Net revenue has clocked in at PKR17.4bn, up 33% yoy (flat qoq), due to the surge in global and hence local CRC/HDGC prices (up 39%/44% yoy). However, we suspect sales volume declined qoq, as the net revenue is flat qoq despite local CRC/HDGC prices increasing 18%/17% qoq. Thus, the revenue has come in below our expectation of PKR21bn.
ISL has posted gross margins of c.24% in 3Q, well above our expectation of 17%. The deviation may have stemmed from the company acquiring HRC at much lower prices in the previous quarter (as HRC prices rose 16% qoq in 3Q). ISL was able to increase its gross margins by a staggering c.15ppt yoy and c.4ppt qoq, on the back of inventory gains and unusually high CRC-HRC spreads of US$125/ton.

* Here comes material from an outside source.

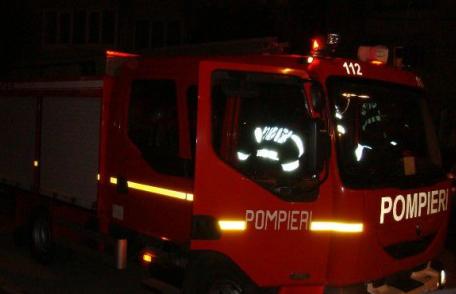 Mașină în flăcări pe strada Spiru Haret din Dorohoi. Pompierii au intervenit prompt și au evitat extinderea focului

Distribution and Administration expenses have come in at PKR257mn (up 64% qoq) and PKR131mn (47% qoq), respectively. Higher distribution expenses could be explained by greater exports in 3Q. We await the availability of quarterly accounts for further clarity on these items.
Finance cost was broadly in line with expectations at PKR158mn, down 60% yoy, largely because of lower interest rates. The effective tax rate was 29%.

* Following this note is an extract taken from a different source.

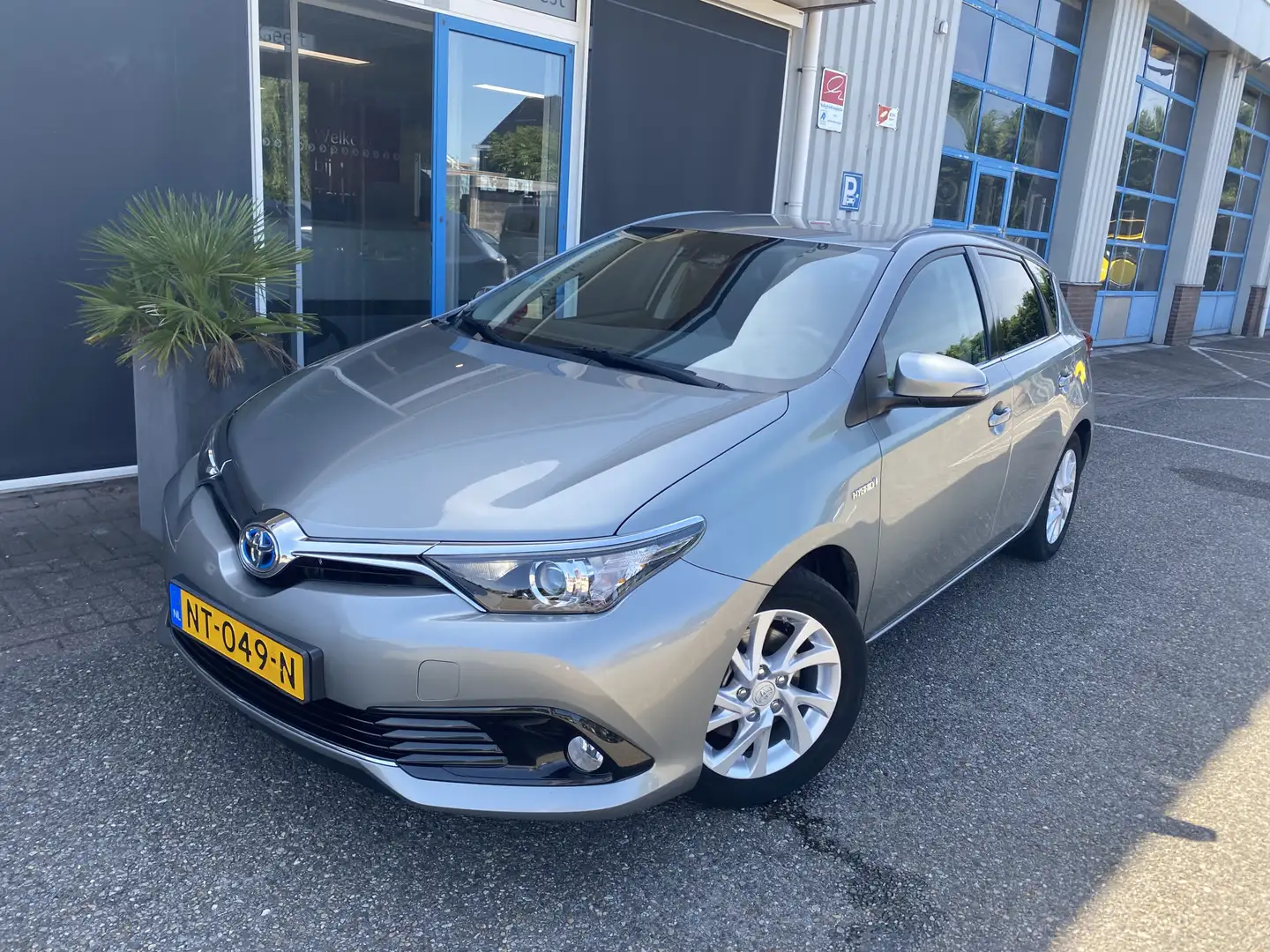 Toyota Auris 1.8 Hybrid Dynamic Trekhaak Grijs - 2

ISL has posted an impressive result, on the back of strong gross margins with high CRC-HRC spreads (c.US$125/ton) and inventory gains. Even though we expect gross margins to decrease in the absence of inventory gains and normalised CRC-HRC spreads in subsequent quarters, we have a favorable view on the stock for its long-term demand outlook (rising construction activity and import substitution). We thus have a Buy rating on the stock with a June 2022 TP of PKR109.0/sh.